In Barbados, all survey plans must be submitted in analog form to the Chief Surveyor's Office in the Lands and Surveys Department. Currently, these analog documents are manually captured to be entered into Barbados’ Survey Plan Register, a process which is costly in terms of time and manpower, and can result in errors in data capture.

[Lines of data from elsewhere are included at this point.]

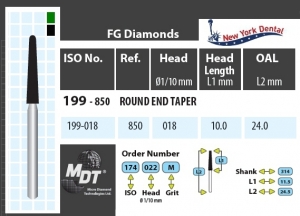 MDT Dijamantno svrdlo stožac sa zaobljenim krajem 199-018C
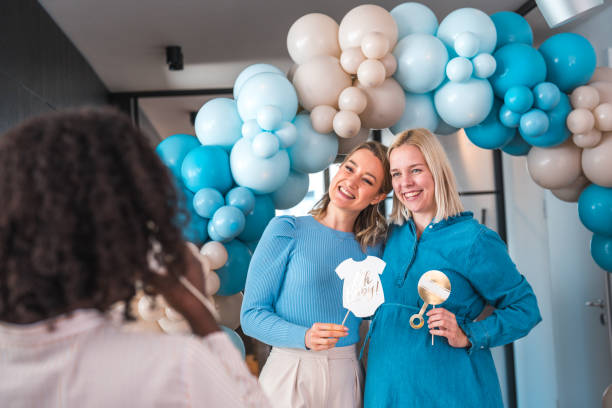 istock Joyful Mama-to-Be with her Best Female Friend 1483051908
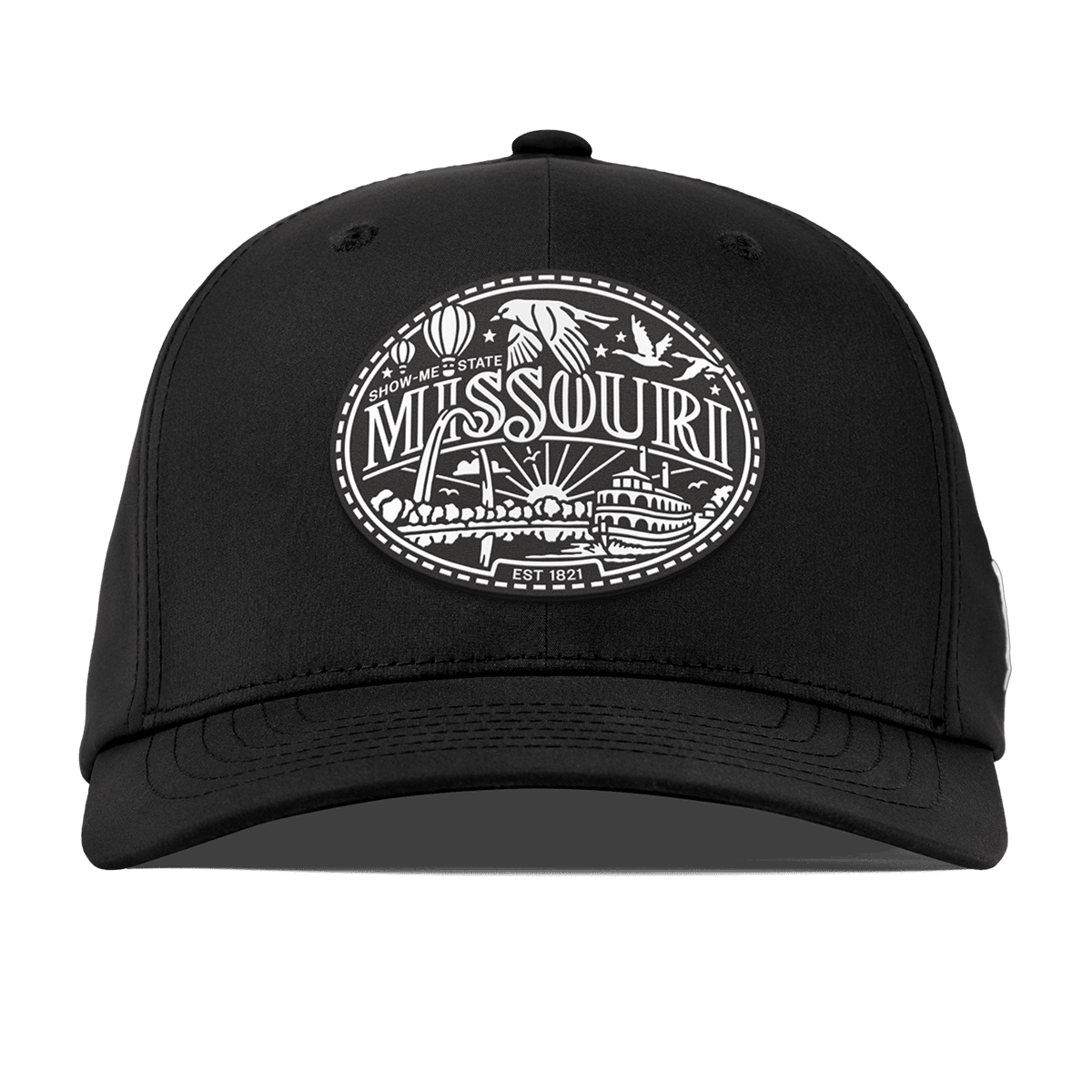 Missouri Traveler Flexfit Performance Fitted Black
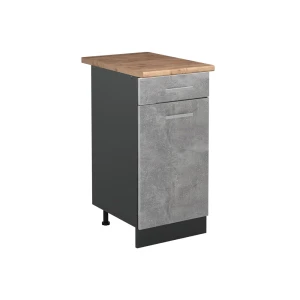 Køkkenskab R-Line Beton/Antracit 40 cm plan de travail Chêne de force doré Vicco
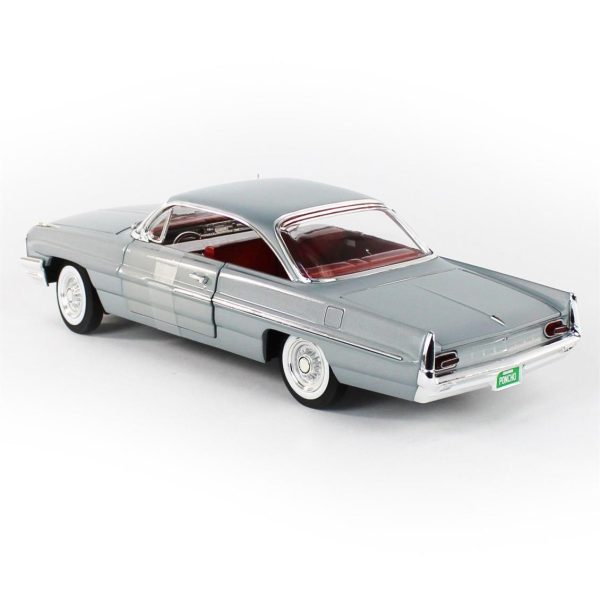 1/18 1961 Pontiac Catalina Hardtop (Class of 1961) Richmond Gray Diecast Araba, AutoWorld AMM1254 - Görsel 3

Your challenge: build a solution that can automatically detect and extract land plot shapes from scanned survey plans, and convert them into standard digital formats like shapefiles. On top of that, you'll also need to pull out important metadata like the lot number, parcel area, and surveyor name, using OCR or other machine learning techniques. The extracted digital data will then be in a format that can easily be entered into a digital registry.
This is a pilot challenge, focused on just one district in Barbados, but the winning models will be put into practice for the whole country. Your models will help modernise how land records are handled, saving time and money, reducing errors, and unlocking new social and economic benefits for all on the island.
About Lands and Surveys Department
The Lands and Surveys Department is on a trajectory to provide robust and contemporary services to the public of Barbados. We can transform our country by seeking after high innovative standards of operation. - Mr. David McCollin
The Lands and Surveys Departments' vision is to make the Lands and Surveys Department the hub of all surveying, mapping and geospatial services; to be the national surveying agency of Government; coordinating all surveying services within the Ministry of Housing, Lands and Maintenance, thus strengthening the base of surveying expertise in Government.
This challenge uses multi-metric evaluation. There are three error metrics: Word Error Rate (WER), Multi-Column Accuracy (MCA) and Intersection over Union Polygon (IoU Polygon).
To perform well in this challenge, your solution needs to be both correct in what it predicts (Accuracy and WER) and precise in the shapes it draws (IoU Polygon).
The final score on the leaderboard is the weighted mean of the three evaluation metrics.
Metric Weighting IoU Polygon 0.5 WER 0.2 MCA 0.3
WER is calculated from column TargetSurvey. This includes fields Land Surveyor, Surveyed For and Address.
Accuracy is calculated as the average accuracy across Certified date, Total Area, Unit of Measurement, Parish, LT Num
IoU Polygon is how well your polygon overlaps with the reference polygon. Perfect overlap will return a score of 1, whereas no overlap whatsoever returns a score of 0.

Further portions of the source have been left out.